Бытование поэмы «Макаров» отчасти похоже на борхесовского Пьера Менара, который переписал Дон Кихота точно такими же словами, что были в оригинальном тексте Сервантеса. Только переписанный текст Менара, по утверждению Борхеса, существенно лучше оригинала. Каждая новая итерация мистически усиливает текст, как мантра, отдаляет его от прошлого. Макаров делает одно и то же действие,
и смысл слов от этого не улетучивается, а становится еще художественнее.
Можно увидеть в этом и желание откладывания в понимании психоанализа – ведь чем дольше ты не сдаешь пистолет, тем дольше ты остаешься с ним, тем больше выстрелов ты сможешь из него совершить.
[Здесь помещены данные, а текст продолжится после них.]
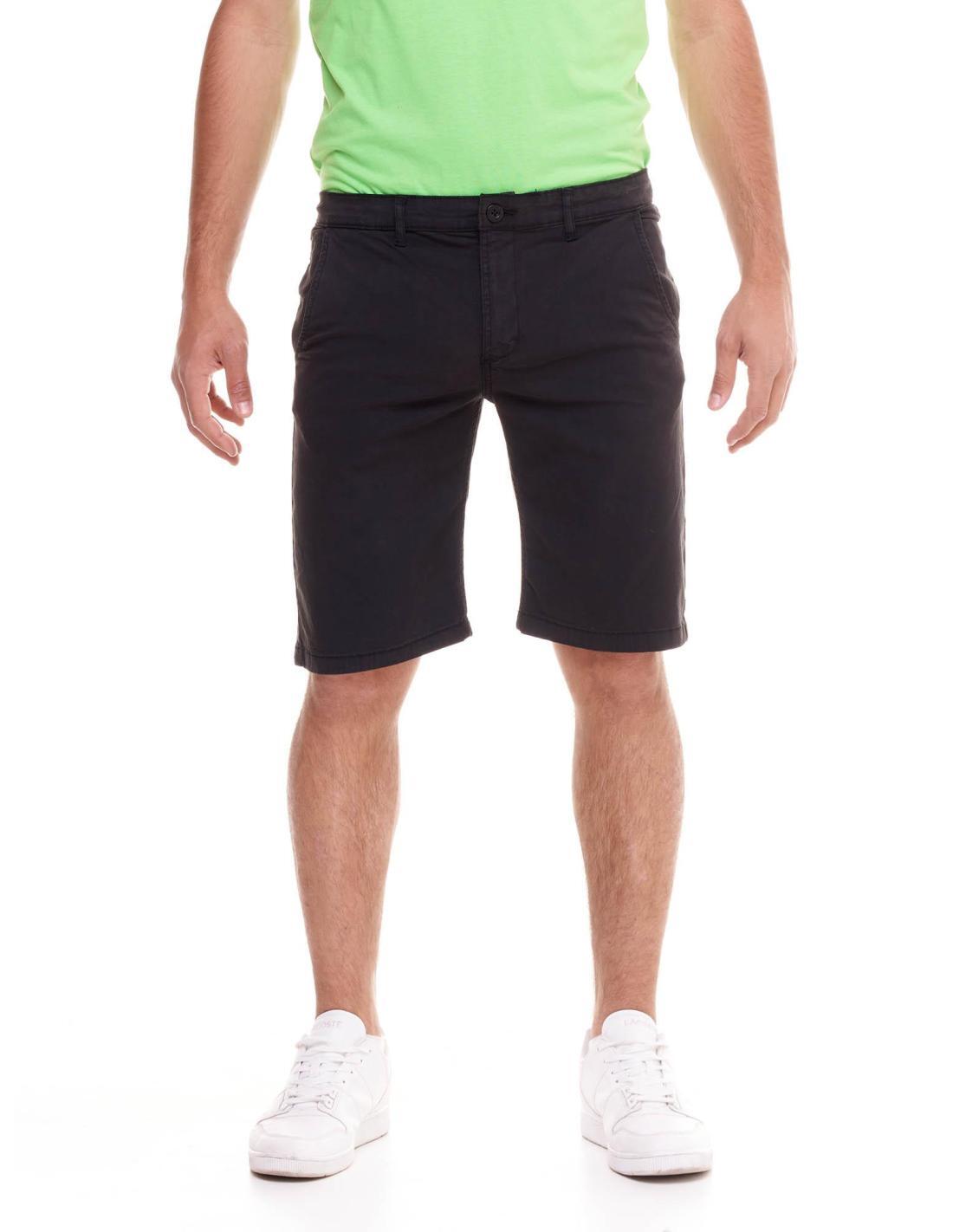 LEONE 1947 APPAREL picture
Есть здесь и заклинательный элемент: Макаров заговаривает мир, чтобы пистолет остался с ним и усилил его. Так на протяжении фильма «Макаров» несколько раз пропадает, и Александр Сергеевич просит его вернуться. Один раз, стоя в болоте, повторя присказку «чёрт, чёрт, поиграй и опять отдай» Такие повторяющиеся ритуальные документы заклинающие действия – единственное возможный вариант поэтической речи, стихотворного диалога, который может родиться при взаимодействии поэта и оружия.
В этом и заключается самое радикальное и разрушительное совпадение Макарова
с «Макаровым». Творец речи и тот, кто ее лишает. Поэтому в финальной сцене Макаров во время выстрела в висок проваливается в собственное воображение (или в воображение пистолета) – потому что они здесь спаялись, как в фильмах Дэвида Кроненберга. И вообще, финал выглядит как бессознательная цитата из «Видеодрома»: изможденный галлюцинирующий герой совершает последний естественный жест: самоубийство. И если у Макса Ренна в фильме Кроненберга
с пистолетом связь биологическая, то у Макарова психическая и языковая – через воображаемую речь. Вместо биохоррора – «армор-хоррор» напополам со «стихохоррором». Греза Макарова, который, сидя в патроне, выстреливает сам себе в голову – это абсолютная энтропия как утопия. Направляя дуло в висок, ты возвращаешься себе обратно в голову, откуда происходит исток слов. Сила оружия вмещает силу слова, и теперь поэт и пистолет как будто неразличимы. Не зря эти слова рифмуются – финал делает их абсолютной рифмой, когда Макаров исчезает, а «Макаров» остается блестеть своим стволом. Даже не рифмой, а тавтологией, которая должна освободить все смыслы, как завещал Витгенштейн. Витгенштейновская логика говорит: не может быть двух одинаковых предметов. Может быть только один объект с конкретным именем. И поэт Макаров аннигилируется, отдав свой голос «Макарову», вкрадчиво спрашивающему перед титрами: «Макаров нужен?»